Sectores que apoyan la fórmula Fernández-Fernández muestran su voluntad de promover otras iniciativas confiscatorias de la propiedad, retornar a las regulaciones de mercado y controlar información y medios.
Del lado del Gobierno no parece haber una asimetría estricta con cada propuesta del neokirchnerismo, pero es razonable pensar que su plan para un segundo periodo es mucho más cercana a las derechas.
Y es claro que muchas políticas que proponen los Fernández están excluidas de la agenda de Macri.
Peor siempre es peor
Algunos simpatizantes de las derechas defienden su voto diciendo que si ganan los Fernández todo será más claro, el conflicto adquirirá contornos netos e inequívocos y no habrá que lidiar con falsos amigos y aliados tibios. Es curioso observar cómo reproducen la lógica típica de la escatología de izquierdas: “cuanto peor, mejor”.
Es probable que quienes hoy se pronuncian públicamente por la libertad económica o de enseñanza, mañana tengan que luchar por el derecho a expresarse libremente. Siempre se puede estar peor, y eso nunca es bueno: este es un axioma de la política que muchos no entienden.

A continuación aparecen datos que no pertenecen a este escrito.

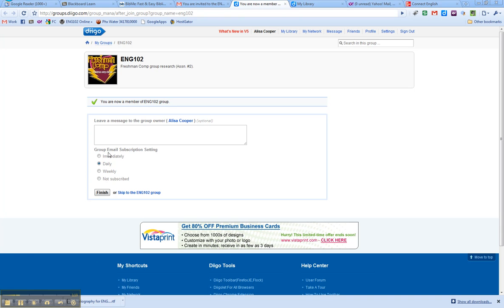So what you want to do is type a message in for me, say this is, and then put in your name. I'm going to say my name is Allison. And I just joined the group. Okay, so that way I know that you made it in.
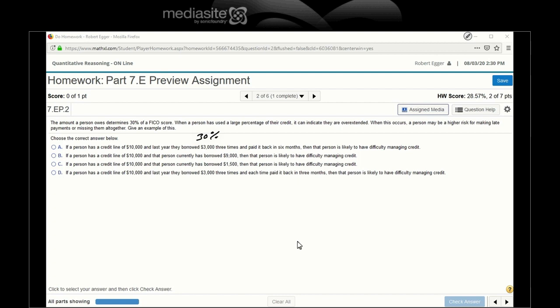Well, just doing $3,000, so I would say that's not the solution. The person is currently borrowing $10,000, and that person currently has borrowed $9,000. So that's 90%. Nothing about paying it back. Then that person is likely to have difficulty managing credit. That is a possibility to think about that one. The person is currently $10,000. He has borrowed $1,500, and then that person is likely to have difficulty managing credit. Okay, that's only 15%.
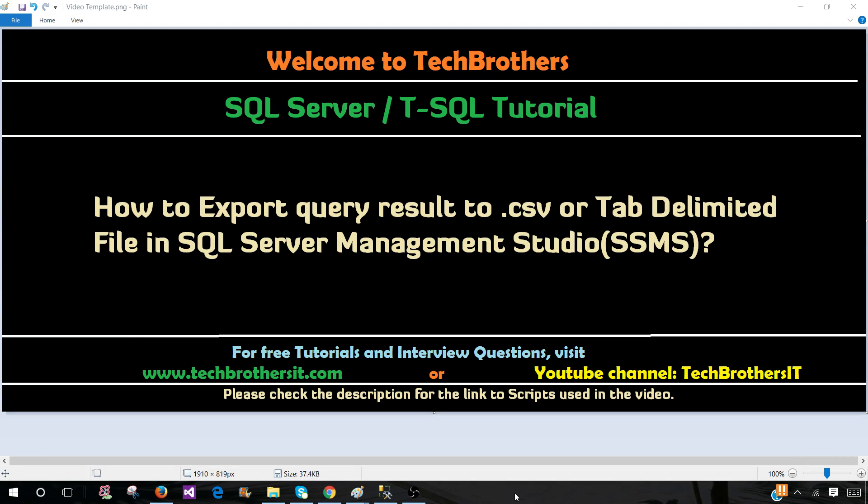Welcome to Tech Brothers with Aamir. In this video we are going to learn how to export query results to CSV or tab delimited file from SSMS.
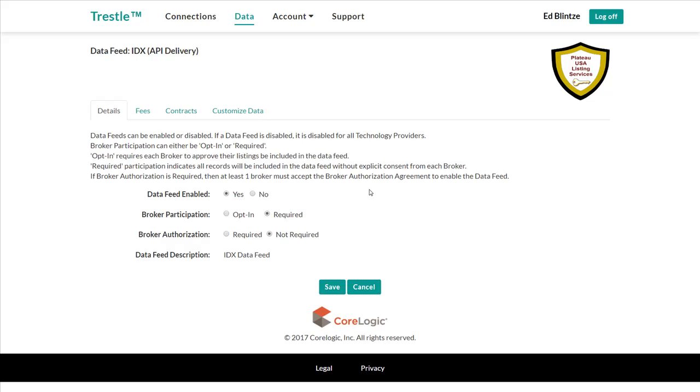However, since Trestle does not support broker authorization just yet, let's leave the entry as not required. Now let's save.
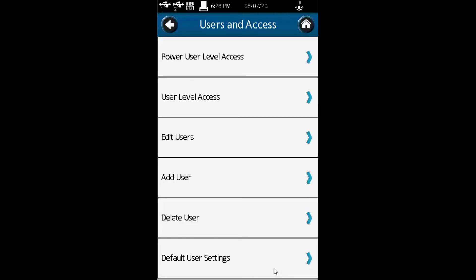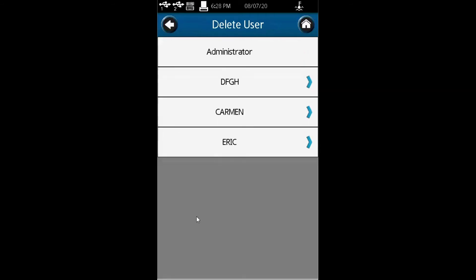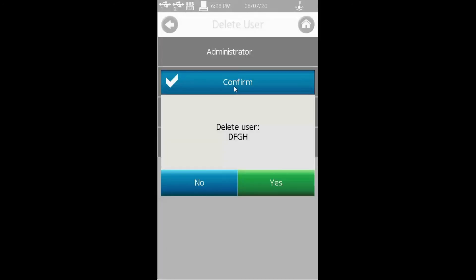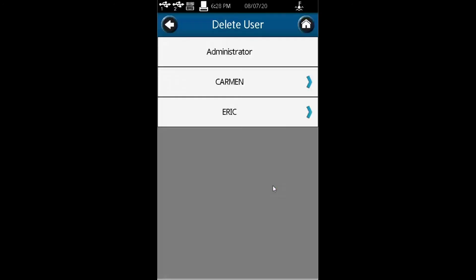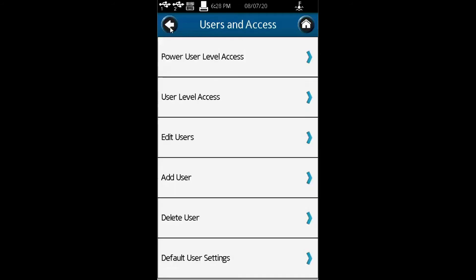As you can see, you can go back and add users, edit users, and delete users. For example, I can delete this person here. Delete DFGH. Yes. It's been deleted. Now there are only three users.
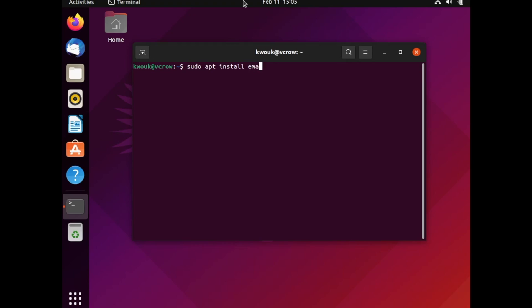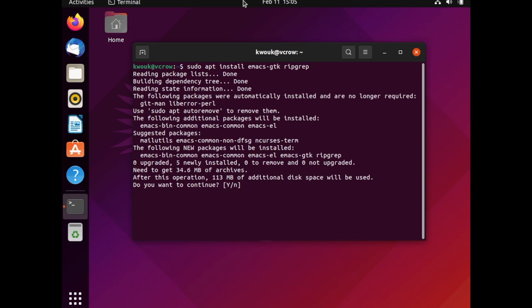We're doing this on Ubuntu, but keep in mind if you're on another system, the only thing that's really going to change is the package manager you use, and the packages might have some slightly different names. Open up a terminal and type sudo apt install emacs-gtk and ripgrep, then follow the prompts to continue. If you're on an Arch-based distro, use pacman instead. If you're on a Fedora-type distro, use DNF.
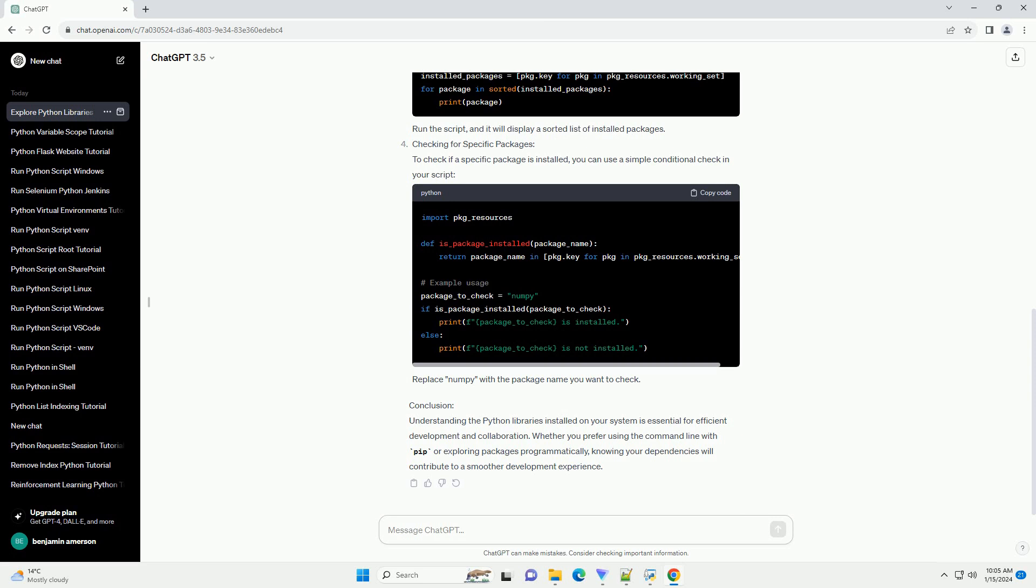Checking for Specific Packages: To check if a specific package is installed, you can use a simple conditional check in your script. Replace numpy with the package name you want to check.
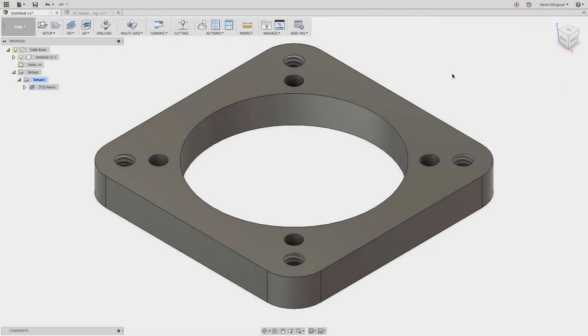Hey everyone, Kevin from mechanicaladvantage.com here again. Today I'd like to talk about setting some defaults inside of Fusion Cam and what the different defaults mean.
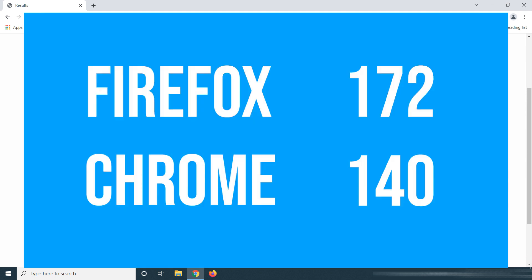So in this test, Mozilla Firefox got 172, and Google Chrome got 140.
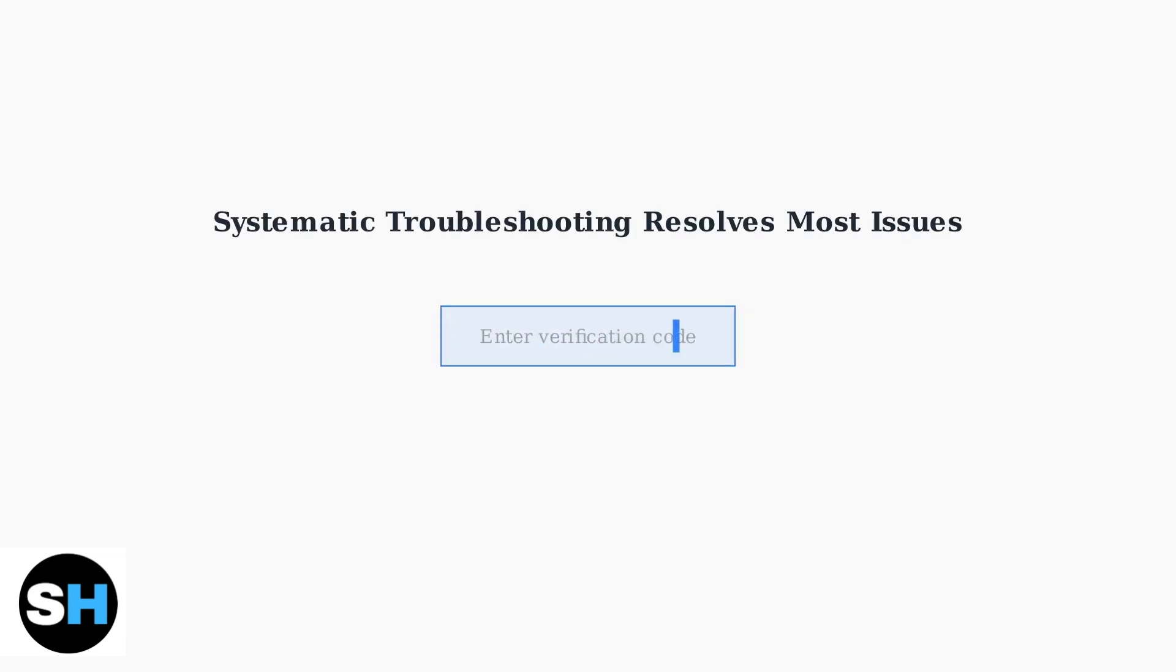Following these troubleshooting steps systematically will resolve most 1xBET verification code issues. Remember to be patient as some solutions may take time to take effect.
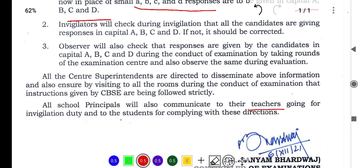Students must write in capital letters only on the OMR sheet — just as we normally fill any form in capital letters. Whatever responses you give, they must be in capital letters only. From 7th December onwards, in whatever exam you have, you must give your answers in capital letters only.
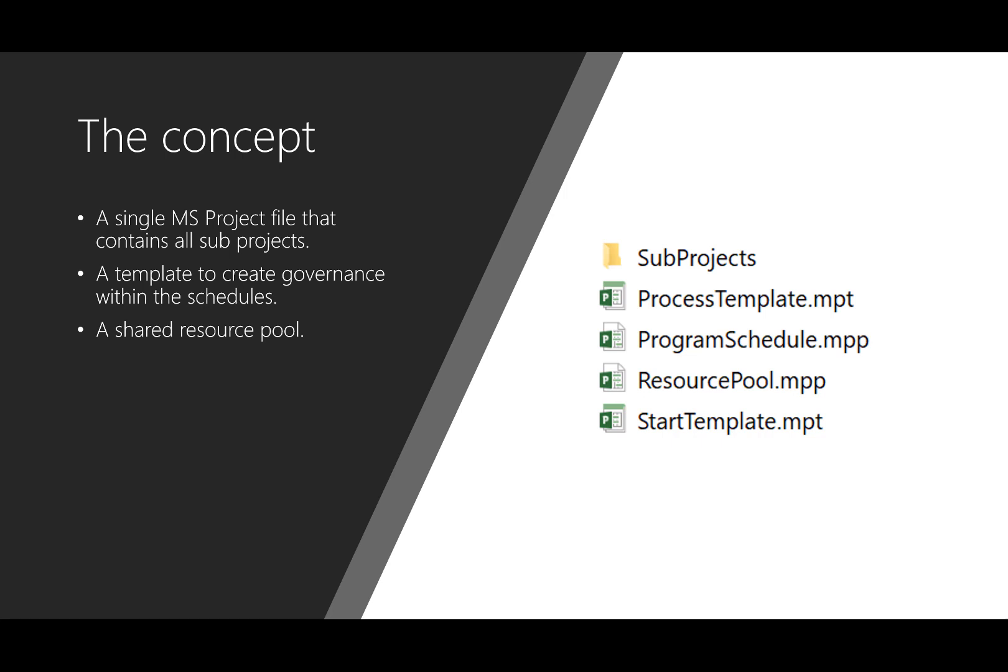So on the right side you'll see the files that we're going to create. We're going to create a subfolder with all the subprojects. We have the process templates, we have start templates, we have a resource pool, and then we have the program schedule which contains every project that you're going to create for that program so that you can manage that from one single location.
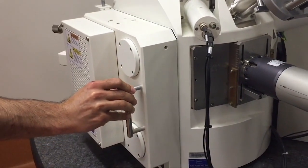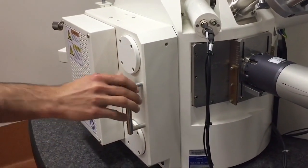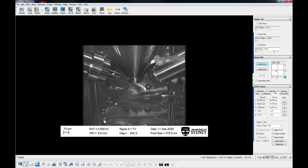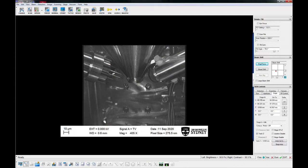Carefully close the chamber door and pump the system by selecting vac and pump. Minimizing the time open will help maintain a clean system. Remove glove.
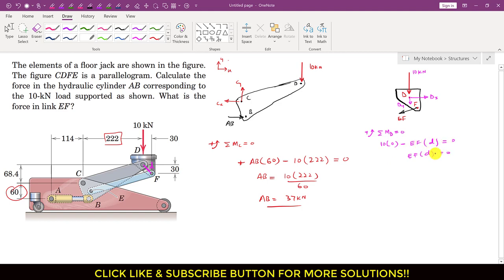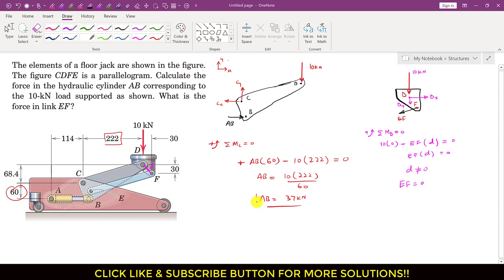From the figure it is obvious that this perpendicular distance D is not zero. So if D is not equal to zero, then the force in link EF must be zero. In other words, for the moment about point D to equal zero, the EF force would need to pass through D — and since it does not, EF equals zero. So the force in hydraulic cylinder AB is 37 kilonewton, and the force in link EF is zero.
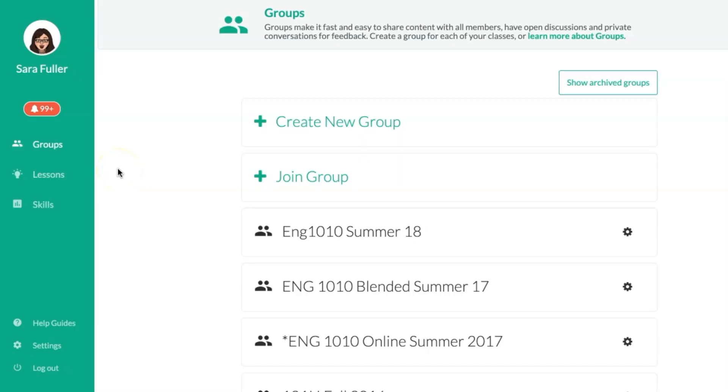I'm gonna go ahead and share my screen and go through it with you now. This is Kaizena and you can do a couple of different things. You can set up groups and make your classes if you want to, and I have done that in the past but currently I just have my students sign up and I can still use it with them without being in a group.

Tradicionalmente el nacionalismo ha confundido acción política con retórica y tertulias literarias. El liberalismo, por su parte, parece mucho más preparado para criticar al gobierno que para ejercer el poder. Más allá de las declaraciones, podemos decir con Julio Irazusta -historiador del nacionalismo republicano- que para ambos la política sigue siendo la “cenicienta del espíritu”.